The second evaluation was the computation of clinical parameters to quantify the surgery correction. The pre- and post-operative parameters, and the differences (post – pre) representing the surgical correction, were calculated from the reference reconstructions and the proposed automatic reconstructions. The absolute mean errors (SD) of automatic reconstructions versus the reference reconstructions were also calculated to assess the accuracy of the method. Table 2 reports the clinical parameters’ values of the kyphosis (K) T1/T2, the lordosis (L) L1/L5, the height between C7 and S1 (H C1–S1), the main Cobb angle, and the apical vertebral axial rotation (AVR). In this table, we see for example that the mean Cobb angle was −45° for pre-surgery and decreases towards −15.8° for post-surgery. The mean Cobb angle surgery correction (difference post-pre) was 28° from reference reconstructions and 27.3° from the automatic reconstructions which showed similar mean difference. Similarly, the mean surgical correction for the patient growth (height C7–S1) was 29.1 mm and 29.8 mm from manual and automatic reconstructions respectively. The semi-automatic method used to generate the reference had the clinical parameters CI values for both pre- [2] and post- [3] operative (Table 2). This method requires time-consuming user interventions (10–20 min depending of the scoliosis severity) when all vertebral shapes are fully adjusted.
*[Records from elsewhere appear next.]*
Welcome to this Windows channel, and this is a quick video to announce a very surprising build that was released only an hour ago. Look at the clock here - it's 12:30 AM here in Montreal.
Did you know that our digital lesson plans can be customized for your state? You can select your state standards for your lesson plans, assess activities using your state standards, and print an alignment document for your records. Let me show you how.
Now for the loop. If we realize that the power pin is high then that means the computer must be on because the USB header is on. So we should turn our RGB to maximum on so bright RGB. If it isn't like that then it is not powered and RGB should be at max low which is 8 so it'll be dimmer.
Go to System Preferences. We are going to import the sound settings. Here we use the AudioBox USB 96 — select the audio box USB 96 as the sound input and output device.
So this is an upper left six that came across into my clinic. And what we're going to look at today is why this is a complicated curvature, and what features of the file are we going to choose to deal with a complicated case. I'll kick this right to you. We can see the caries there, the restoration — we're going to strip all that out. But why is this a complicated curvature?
In our case, the automatic clinical measurements from pre-operative radiograph revealed that the mean absolute errors were all inferior to 5.6° for angular parameters.
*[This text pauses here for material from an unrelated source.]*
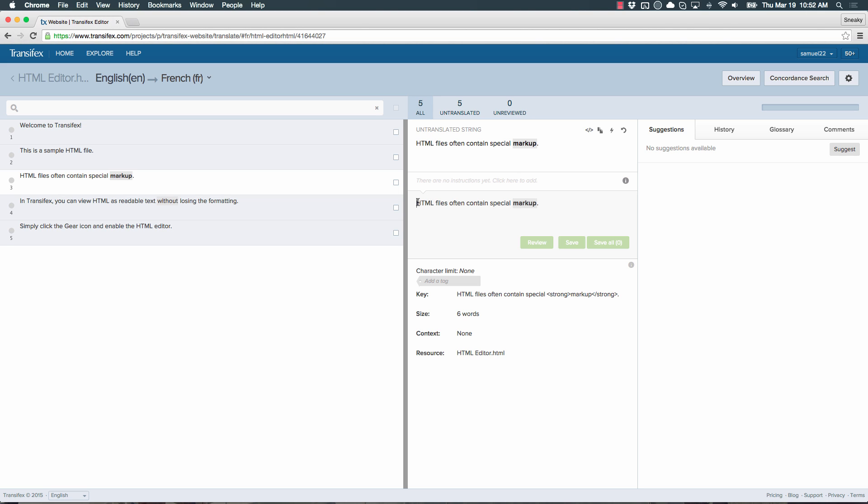Now, you can translate it like any other text. Be careful not to delete the whole grayed out word or phrase. Otherwise, the markup will be lost. So we recommend translating those piece by piece.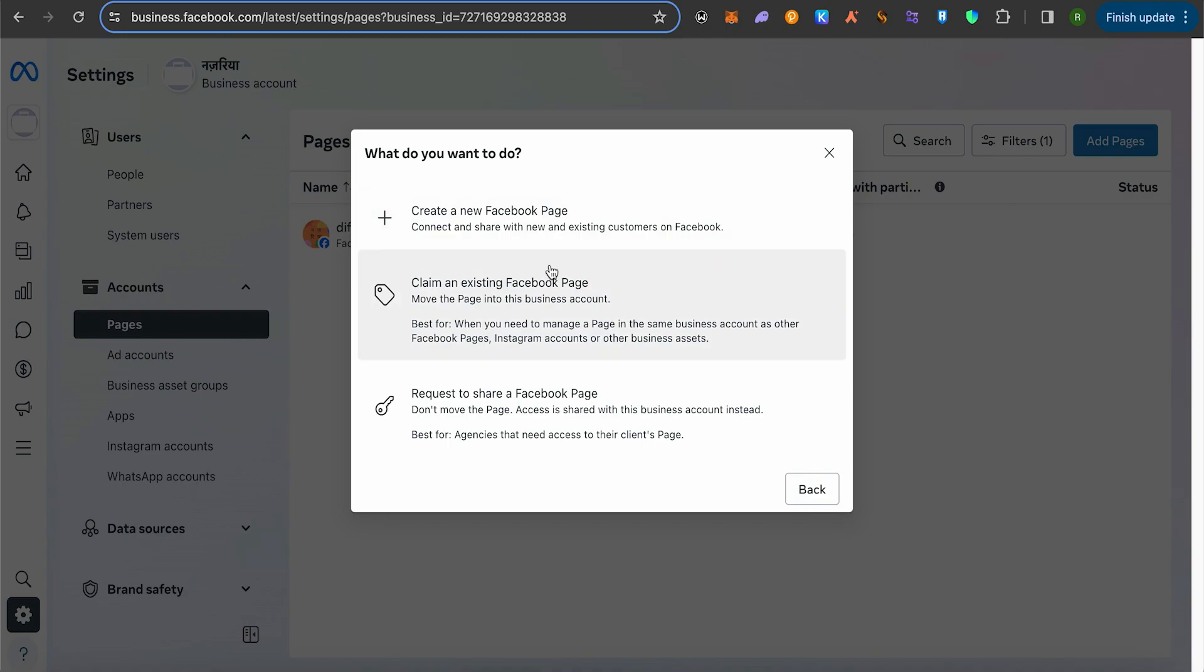So that's basically how you can log in your Facebook profile in Meta Business Suite. And that's it for this video. If you find this helpful, consider subscribing and giving this a big thumbs up. Thanks.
Table 2. Mean (SD) of pre- and post-operative and post minus pre differences (Diff) for clinical parameters from the semi-automatic reference reconstruction (Ref) and proposed automatic reconstruction (Auto). The last two columns reported the absolute mean (SD) errors of automatic parameters (Auto Error) and confidence intervals (CI 95%) from literature.

The 3D/2D registration of the spine model was based on the vertebra center displacements, thus the other vertebra anatomical characteristics were estimated statistically but still provided a relevant set of clinical parameters. To our knowledge, this is the first time that a solution for automatic vertebrae 3D reconstruction from biplanar X-rays provided the vertebral endplate orientations to compute the fundamental Cobbs and the kyphosis/lordosis angles. The method also provided the 3D parameter of the vertebral axial rotation with a limited mean error of 4.6° and 3.8° for pre- and post-operative respectively. For surgeons, this parameter serves to quantify the neutral rotation restoration of the apical vertebra (the most rotated) between pre- and post-exams.
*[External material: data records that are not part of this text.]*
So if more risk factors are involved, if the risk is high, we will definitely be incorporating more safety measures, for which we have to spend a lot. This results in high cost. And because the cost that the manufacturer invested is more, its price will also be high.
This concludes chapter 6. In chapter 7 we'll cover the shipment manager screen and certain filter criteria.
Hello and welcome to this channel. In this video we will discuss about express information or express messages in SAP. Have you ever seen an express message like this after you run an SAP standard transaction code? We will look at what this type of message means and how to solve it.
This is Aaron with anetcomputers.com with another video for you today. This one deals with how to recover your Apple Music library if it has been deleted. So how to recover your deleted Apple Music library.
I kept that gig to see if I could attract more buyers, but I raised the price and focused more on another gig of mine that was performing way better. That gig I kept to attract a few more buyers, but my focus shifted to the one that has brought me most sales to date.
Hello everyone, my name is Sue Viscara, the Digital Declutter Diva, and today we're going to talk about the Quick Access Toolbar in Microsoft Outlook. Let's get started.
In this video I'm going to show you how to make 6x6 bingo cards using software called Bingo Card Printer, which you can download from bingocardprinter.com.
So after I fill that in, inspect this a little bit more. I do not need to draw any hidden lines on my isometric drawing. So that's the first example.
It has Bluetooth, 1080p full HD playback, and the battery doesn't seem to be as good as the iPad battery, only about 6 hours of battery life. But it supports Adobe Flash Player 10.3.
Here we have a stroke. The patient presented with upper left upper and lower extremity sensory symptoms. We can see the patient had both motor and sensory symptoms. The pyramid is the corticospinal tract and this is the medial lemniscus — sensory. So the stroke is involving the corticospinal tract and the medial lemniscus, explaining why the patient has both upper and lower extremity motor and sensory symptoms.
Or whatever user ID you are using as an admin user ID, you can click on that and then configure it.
Since the proposed spine model incorporated a detailed 3D surface, we plan to use an additional automatic local deformation for vertebrae fine-tuning that will improve the angular parameters accuracy, which will also be possible for postoperative radiographs thank to the image in-painting.

4 Conclusions

This paper presented a method for automatic spine 3D reconstruction combining a statistical shape model of the spine and a set of CNNs for 3D/2D registration. A diffusion-based in-painting method served to remove the surgical instrumentation in order to feed the CNN with visible information containing fewer perturbations. The proposed approach provided a fast-automatic 3D quantification of the fundamental parameters needed for scoliosis surgery assessment, and should considerably speed-up the spine radiographs analysis at the pre- and post-operative times.